_How to complete this task_:
Reproduce, unchanged, the lines between the one holding "红豆为什么叫相思豆 原因是这样" and the last line of the records, including both ends, but no pictures.

#### Data section ####

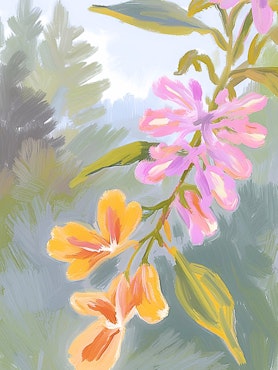 Graphic Art "Hopefulness flourishes"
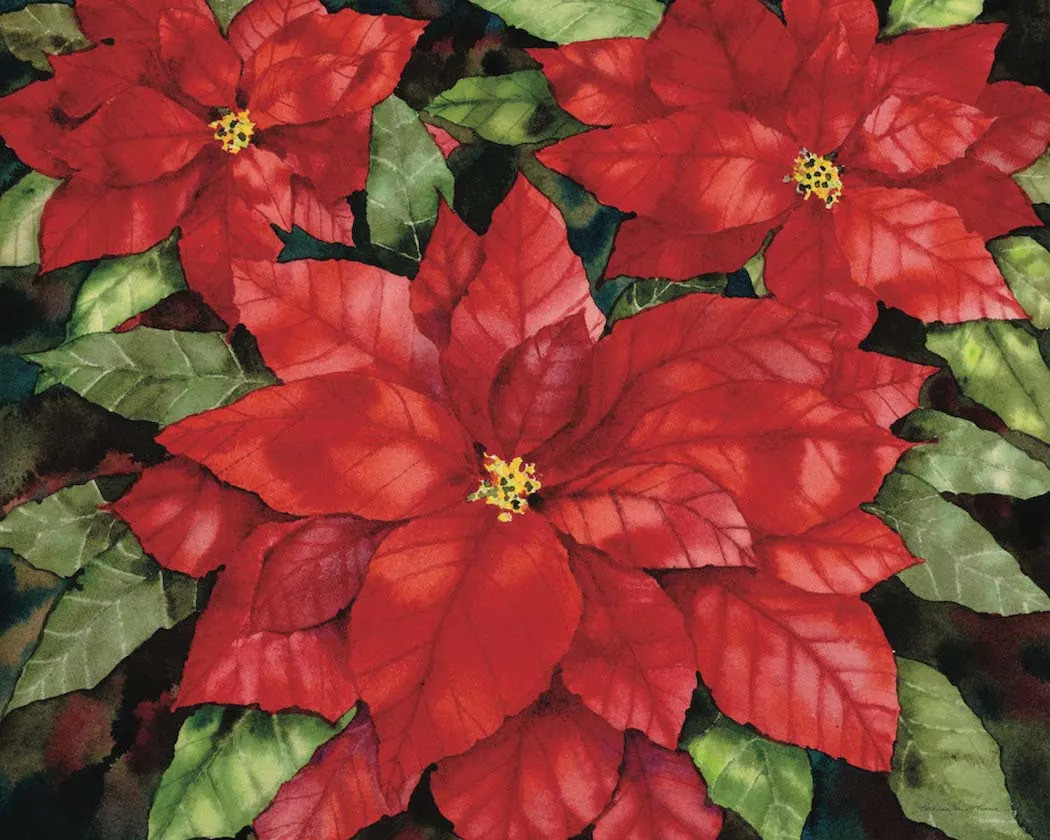 Poinsettia Fine Art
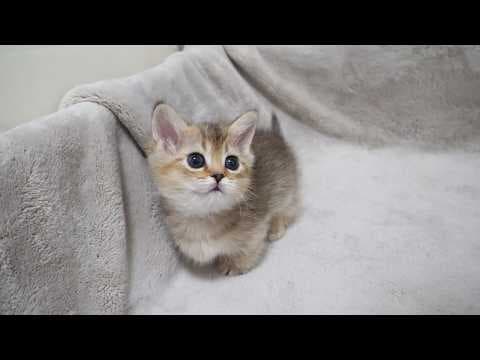 Cute kitten who can't go out easily because her owner disturbs her...
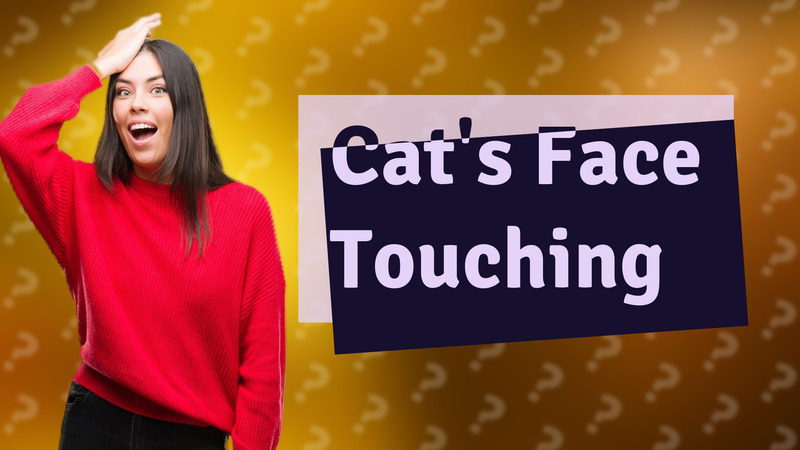Cat's Face Touching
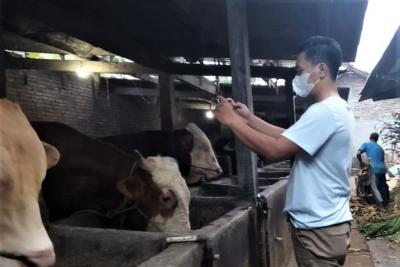 Peternak Hewan Kurban Jual Sapi Secara Online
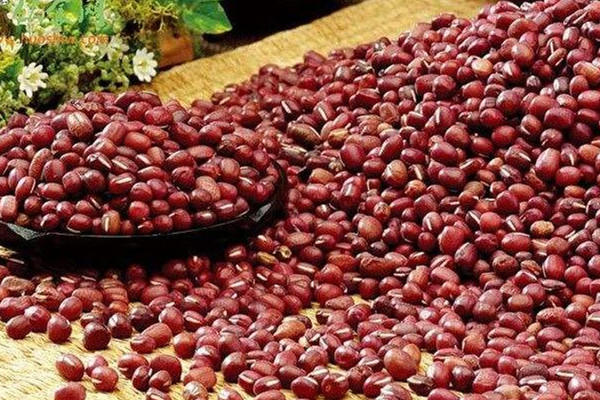 红豆为什么叫相思豆 原因是这样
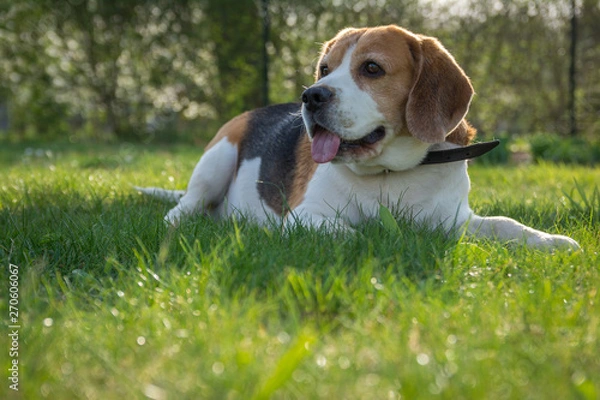 Obraz dog resting outside on a grass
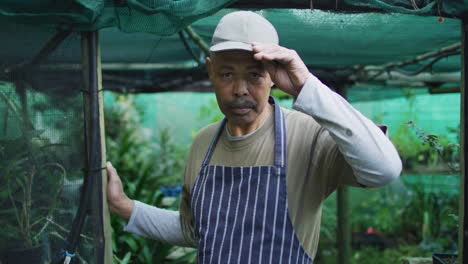 African-american-male-gardener-taking-off-cap-and-looking-at-camera-at-garden-center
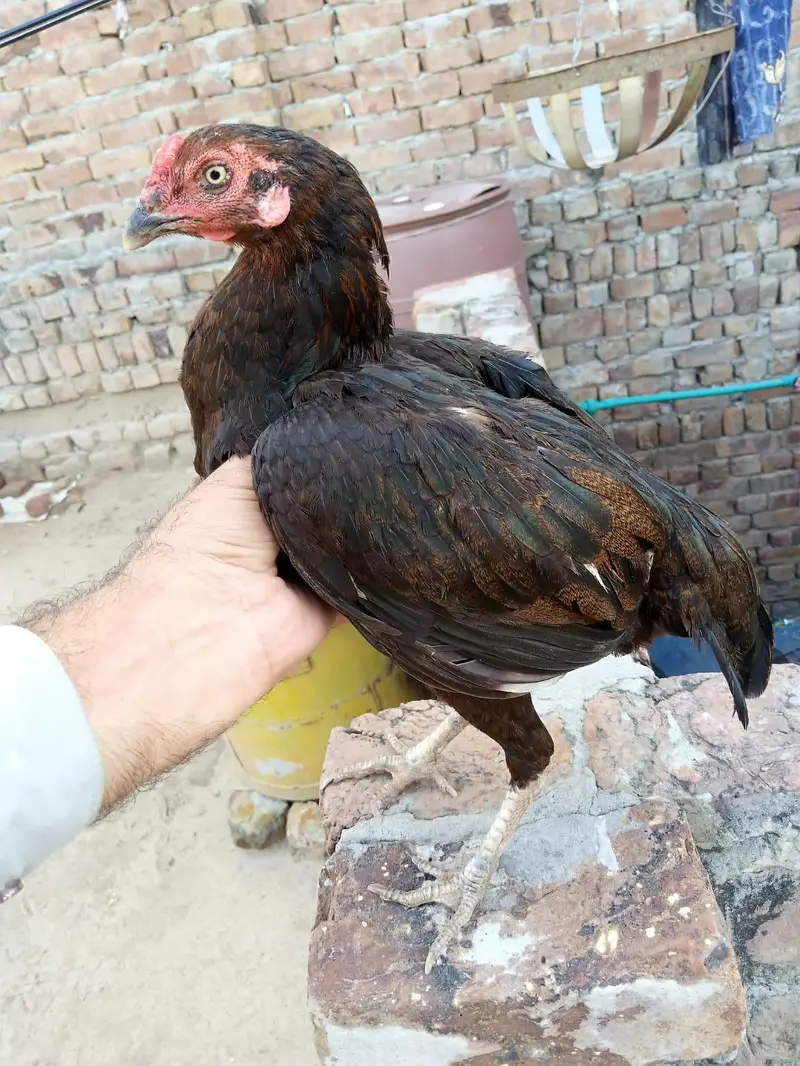 Aaseel morgi for sell 2500 — photo 2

####

_Answer to this problem_:
 红豆为什么叫相思豆 原因是这样
 Obraz dog resting outside on a grass
 African-american-male-gardener-taking-off-cap-and-looking-at-camera-at-garden-center
 Aaseel morgi for sell 2500 — photo 2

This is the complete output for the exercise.